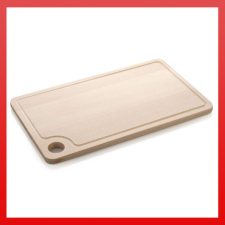  Fa vágódeszka hornyos 42x25 cm 27CBWR42X25 konyhai eszköz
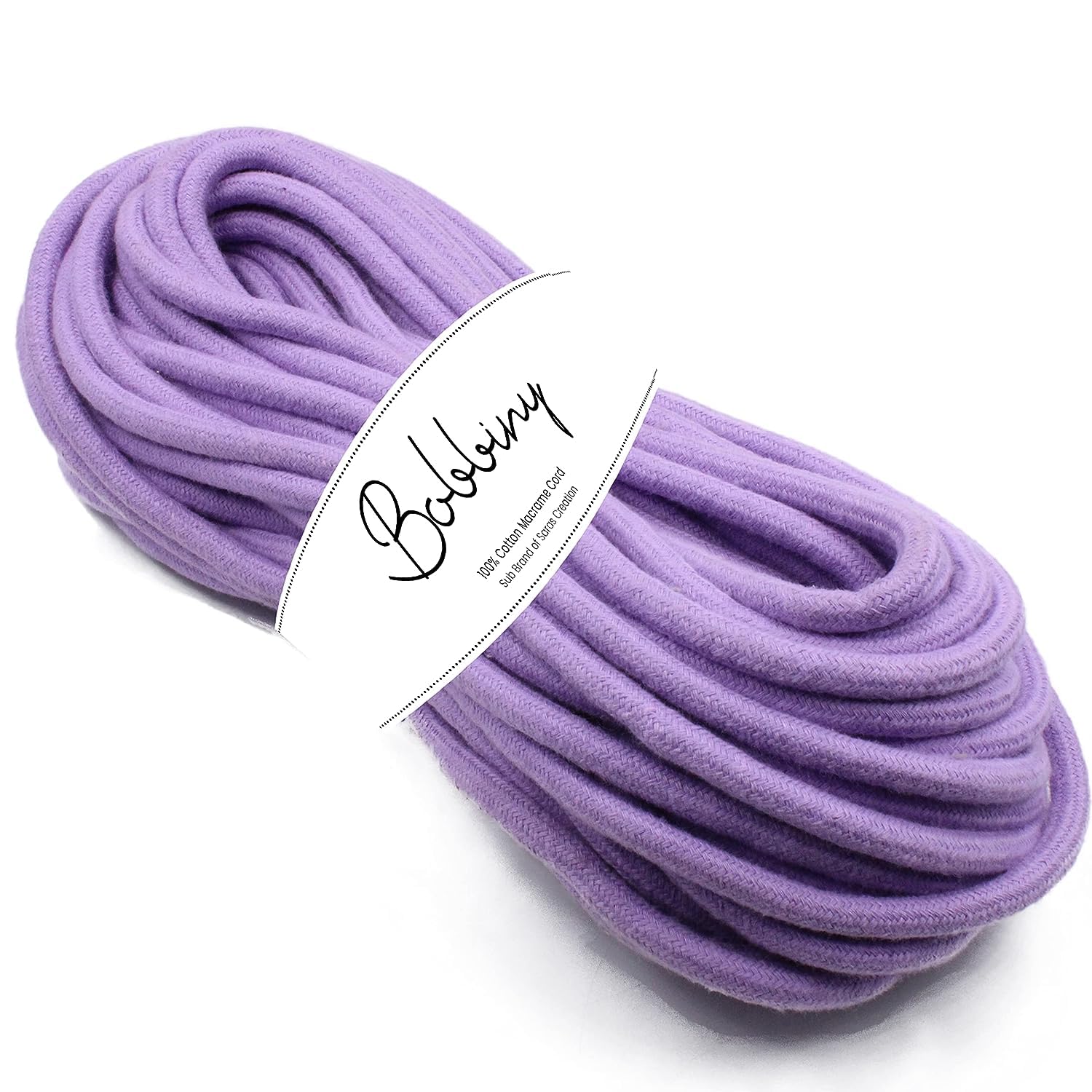BOBBINY | Premium Cotton Like Tight Rope Braided Cord Twine String for DIY Craft - Versatile, Durable, Eco-Friendly | Red | 6 mm, 25 Meter — Amazon image 7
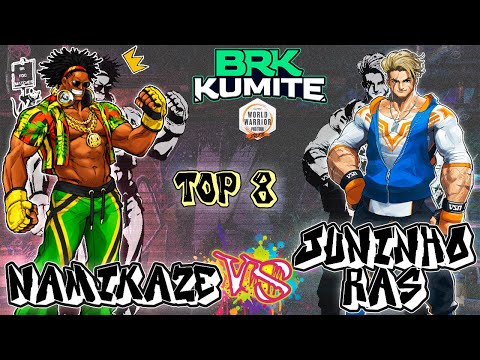 SF6 👊 Namikaze (Dee Jay) vs Juninho-Ras (Luke) 👊 BR Kumite World Warrior #1 - Brasil - Top 8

Task statement: When repeating the material above, keep every line exact and drop all pictures.

Result for this task:
  Fa vágódeszka hornyos 42x25 cm 27CBWR42X25 konyhai eszköz
BOBBINY | Premium Cotton Like Tight Rope Braided Cord Twine String for DIY Craft - Versatile, Durable, Eco-Friendly | Red | 6 mm, 25 Meter — Amazon image 7
 SF6 👊 Namikaze (Dee Jay) vs Juninho-Ras (Luke) 👊 BR Kumite World Warrior #1 - Brasil - Top 8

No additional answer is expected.